Data records
*** Block opens ***

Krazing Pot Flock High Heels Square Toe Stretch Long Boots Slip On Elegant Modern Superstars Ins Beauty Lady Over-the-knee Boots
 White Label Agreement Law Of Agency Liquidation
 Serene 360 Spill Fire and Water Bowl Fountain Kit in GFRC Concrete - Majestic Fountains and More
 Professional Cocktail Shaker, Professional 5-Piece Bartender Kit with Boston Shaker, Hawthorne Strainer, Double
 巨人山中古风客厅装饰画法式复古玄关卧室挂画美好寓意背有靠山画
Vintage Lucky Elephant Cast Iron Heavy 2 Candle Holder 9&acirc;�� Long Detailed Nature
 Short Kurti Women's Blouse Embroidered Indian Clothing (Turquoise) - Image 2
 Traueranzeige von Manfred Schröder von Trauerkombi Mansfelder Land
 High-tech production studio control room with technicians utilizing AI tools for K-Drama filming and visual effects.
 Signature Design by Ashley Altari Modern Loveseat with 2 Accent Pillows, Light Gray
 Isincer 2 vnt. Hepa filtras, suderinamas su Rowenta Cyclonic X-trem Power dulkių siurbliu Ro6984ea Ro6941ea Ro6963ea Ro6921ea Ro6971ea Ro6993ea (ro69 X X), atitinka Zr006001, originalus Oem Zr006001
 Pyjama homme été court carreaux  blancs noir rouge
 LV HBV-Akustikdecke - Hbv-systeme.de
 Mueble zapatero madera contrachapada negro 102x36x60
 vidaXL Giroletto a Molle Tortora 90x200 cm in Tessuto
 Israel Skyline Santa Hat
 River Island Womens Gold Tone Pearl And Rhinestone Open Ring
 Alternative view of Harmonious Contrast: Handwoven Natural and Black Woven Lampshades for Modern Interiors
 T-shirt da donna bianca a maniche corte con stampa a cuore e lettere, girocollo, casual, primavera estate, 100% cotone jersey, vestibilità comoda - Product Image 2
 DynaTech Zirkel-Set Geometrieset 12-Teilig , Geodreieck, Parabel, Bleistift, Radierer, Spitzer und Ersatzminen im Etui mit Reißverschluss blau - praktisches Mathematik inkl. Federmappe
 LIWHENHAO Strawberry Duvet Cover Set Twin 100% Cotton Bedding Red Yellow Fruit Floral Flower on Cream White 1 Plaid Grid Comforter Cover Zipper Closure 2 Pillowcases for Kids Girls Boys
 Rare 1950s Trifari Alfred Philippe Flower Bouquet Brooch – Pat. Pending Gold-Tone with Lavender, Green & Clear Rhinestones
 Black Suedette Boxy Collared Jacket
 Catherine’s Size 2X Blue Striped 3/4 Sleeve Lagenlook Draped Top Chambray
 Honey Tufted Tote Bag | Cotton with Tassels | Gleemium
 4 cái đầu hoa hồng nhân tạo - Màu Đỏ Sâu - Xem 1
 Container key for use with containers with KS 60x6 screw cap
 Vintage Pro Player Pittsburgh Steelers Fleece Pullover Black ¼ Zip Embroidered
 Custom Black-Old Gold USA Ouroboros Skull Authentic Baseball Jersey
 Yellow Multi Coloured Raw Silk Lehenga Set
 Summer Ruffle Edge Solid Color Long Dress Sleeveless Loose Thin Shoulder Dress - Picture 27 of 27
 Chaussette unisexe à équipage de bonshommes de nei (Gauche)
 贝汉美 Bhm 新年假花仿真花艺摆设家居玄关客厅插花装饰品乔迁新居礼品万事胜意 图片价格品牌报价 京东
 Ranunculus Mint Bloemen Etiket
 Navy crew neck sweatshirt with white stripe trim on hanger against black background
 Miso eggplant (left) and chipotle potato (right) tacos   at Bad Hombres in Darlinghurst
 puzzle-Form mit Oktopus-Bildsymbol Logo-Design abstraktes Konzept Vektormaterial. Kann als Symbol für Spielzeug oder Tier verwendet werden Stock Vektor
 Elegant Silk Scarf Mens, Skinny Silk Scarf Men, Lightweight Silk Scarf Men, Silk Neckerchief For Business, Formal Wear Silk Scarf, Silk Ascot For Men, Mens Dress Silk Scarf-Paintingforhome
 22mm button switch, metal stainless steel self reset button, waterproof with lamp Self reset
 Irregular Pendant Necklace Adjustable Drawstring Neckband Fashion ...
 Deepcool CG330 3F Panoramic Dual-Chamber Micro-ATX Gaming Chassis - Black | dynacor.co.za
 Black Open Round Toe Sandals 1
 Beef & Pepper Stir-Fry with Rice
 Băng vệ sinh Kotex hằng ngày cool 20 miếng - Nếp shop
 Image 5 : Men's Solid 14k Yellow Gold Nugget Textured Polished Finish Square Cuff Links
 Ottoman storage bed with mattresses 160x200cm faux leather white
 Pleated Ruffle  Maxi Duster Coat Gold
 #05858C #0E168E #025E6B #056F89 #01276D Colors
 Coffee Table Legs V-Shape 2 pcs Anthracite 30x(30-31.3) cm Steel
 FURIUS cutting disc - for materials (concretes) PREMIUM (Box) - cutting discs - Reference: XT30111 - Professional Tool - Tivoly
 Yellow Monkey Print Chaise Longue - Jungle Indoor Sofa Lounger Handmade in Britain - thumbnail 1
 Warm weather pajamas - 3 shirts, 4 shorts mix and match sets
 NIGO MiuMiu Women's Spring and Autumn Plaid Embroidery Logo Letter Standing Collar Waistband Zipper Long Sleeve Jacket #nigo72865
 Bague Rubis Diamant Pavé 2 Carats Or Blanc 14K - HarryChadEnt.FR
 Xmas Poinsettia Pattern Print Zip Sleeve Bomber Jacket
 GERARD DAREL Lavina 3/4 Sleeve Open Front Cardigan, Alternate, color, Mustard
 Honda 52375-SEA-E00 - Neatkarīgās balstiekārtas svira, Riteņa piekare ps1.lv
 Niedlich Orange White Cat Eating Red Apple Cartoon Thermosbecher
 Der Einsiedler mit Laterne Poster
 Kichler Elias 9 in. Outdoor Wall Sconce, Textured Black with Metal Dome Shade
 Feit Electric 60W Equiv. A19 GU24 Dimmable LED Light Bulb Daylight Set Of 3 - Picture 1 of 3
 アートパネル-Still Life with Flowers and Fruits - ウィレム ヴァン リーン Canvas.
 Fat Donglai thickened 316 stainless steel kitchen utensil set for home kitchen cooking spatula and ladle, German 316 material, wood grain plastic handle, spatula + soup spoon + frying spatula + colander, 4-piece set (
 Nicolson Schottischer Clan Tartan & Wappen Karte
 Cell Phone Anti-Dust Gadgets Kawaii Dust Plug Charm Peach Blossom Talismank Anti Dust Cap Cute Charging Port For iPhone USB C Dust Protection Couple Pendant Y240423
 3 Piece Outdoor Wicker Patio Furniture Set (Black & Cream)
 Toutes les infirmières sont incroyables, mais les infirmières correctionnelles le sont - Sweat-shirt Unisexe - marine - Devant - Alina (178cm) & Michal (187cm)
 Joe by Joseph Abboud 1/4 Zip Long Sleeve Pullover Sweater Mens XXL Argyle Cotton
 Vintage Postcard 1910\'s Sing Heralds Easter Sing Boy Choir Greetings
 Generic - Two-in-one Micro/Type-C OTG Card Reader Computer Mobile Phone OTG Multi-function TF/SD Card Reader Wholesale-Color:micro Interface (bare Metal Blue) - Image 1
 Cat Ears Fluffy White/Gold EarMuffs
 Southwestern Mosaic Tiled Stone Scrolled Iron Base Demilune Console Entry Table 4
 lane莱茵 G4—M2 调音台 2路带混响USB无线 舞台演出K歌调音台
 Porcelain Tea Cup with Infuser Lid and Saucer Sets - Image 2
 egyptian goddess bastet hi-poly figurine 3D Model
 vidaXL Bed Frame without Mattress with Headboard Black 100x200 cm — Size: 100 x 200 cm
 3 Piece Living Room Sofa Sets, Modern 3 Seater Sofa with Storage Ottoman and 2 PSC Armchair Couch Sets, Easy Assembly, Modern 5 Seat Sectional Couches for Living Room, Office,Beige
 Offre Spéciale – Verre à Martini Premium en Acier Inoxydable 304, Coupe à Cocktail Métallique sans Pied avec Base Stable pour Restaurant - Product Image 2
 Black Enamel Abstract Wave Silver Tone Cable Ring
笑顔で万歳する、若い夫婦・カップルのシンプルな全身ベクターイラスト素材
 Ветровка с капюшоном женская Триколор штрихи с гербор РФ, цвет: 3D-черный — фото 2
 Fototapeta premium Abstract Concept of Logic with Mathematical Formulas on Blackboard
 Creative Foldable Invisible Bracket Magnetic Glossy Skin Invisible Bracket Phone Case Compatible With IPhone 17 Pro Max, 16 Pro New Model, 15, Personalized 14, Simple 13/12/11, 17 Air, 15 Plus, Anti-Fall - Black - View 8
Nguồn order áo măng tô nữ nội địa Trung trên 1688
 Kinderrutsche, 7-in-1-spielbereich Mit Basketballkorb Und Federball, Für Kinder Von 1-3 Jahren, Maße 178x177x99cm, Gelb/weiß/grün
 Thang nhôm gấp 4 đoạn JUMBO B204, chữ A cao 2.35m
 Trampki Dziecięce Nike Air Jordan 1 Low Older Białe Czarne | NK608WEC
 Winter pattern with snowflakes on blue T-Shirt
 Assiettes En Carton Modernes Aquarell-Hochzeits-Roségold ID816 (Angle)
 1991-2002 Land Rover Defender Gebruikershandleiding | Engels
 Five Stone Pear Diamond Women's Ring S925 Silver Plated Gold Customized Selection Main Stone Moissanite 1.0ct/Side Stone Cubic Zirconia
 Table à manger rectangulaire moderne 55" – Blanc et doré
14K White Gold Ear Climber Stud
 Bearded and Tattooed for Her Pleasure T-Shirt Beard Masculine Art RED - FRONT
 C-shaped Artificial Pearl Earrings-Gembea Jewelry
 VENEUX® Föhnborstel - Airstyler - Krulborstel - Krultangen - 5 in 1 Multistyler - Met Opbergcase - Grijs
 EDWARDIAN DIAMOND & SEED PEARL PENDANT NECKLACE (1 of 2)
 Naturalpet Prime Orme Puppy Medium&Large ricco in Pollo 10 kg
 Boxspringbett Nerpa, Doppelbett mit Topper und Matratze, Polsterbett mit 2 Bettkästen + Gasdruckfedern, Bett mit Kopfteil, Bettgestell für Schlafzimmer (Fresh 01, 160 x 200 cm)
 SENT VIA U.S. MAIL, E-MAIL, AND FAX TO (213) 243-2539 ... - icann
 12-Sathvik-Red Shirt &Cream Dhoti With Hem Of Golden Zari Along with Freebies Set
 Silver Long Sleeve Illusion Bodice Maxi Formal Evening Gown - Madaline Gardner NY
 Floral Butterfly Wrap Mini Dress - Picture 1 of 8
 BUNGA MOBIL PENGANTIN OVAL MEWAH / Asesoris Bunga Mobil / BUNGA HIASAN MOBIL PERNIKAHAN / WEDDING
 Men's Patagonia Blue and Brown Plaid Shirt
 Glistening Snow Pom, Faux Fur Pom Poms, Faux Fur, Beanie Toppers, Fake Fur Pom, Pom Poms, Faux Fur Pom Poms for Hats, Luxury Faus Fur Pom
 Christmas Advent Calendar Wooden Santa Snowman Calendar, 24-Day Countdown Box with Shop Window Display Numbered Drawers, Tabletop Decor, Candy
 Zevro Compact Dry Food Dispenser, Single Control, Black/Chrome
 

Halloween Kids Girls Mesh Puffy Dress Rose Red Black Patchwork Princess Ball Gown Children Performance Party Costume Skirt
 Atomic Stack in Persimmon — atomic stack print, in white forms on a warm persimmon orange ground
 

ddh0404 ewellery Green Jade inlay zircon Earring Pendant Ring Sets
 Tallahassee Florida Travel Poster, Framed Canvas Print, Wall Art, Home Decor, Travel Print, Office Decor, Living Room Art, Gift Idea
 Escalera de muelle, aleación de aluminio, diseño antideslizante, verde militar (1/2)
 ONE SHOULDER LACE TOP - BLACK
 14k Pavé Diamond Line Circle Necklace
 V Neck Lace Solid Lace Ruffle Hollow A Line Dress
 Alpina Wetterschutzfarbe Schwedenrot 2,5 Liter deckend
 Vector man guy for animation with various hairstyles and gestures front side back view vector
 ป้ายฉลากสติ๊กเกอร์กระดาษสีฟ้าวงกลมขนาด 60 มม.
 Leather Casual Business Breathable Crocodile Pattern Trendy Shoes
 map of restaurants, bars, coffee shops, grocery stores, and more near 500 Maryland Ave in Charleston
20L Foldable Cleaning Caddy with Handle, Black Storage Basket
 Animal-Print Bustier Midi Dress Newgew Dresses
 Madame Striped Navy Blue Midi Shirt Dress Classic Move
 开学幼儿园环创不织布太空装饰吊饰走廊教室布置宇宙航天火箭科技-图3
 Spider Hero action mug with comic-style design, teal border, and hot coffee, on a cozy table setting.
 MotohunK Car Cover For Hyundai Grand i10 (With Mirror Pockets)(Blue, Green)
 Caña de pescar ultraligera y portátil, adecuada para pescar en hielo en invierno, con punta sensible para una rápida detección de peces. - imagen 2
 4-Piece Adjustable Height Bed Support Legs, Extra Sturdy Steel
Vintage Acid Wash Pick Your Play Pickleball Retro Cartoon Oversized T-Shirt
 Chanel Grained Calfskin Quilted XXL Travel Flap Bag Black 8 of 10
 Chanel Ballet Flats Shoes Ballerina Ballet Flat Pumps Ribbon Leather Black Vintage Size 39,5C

*** Block closes ***

Task instructions: The required answer is the exact run of lines above starting at the line with "GERARD DAREL Lavina" and ending at the line with "Der Einsiedler mit Laterne Poster", with both ends present.

Result of this exercise:
 GERARD DAREL Lavina 3/4 Sleeve Open Front Cardigan, Alternate, color, Mustard
 Honda 52375-SEA-E00 - Neatkarīgās balstiekārtas svira, Riteņa piekare ps1.lv
 Niedlich Orange White Cat Eating Red Apple Cartoon Thermosbecher
 Der Einsiedler mit Laterne Poster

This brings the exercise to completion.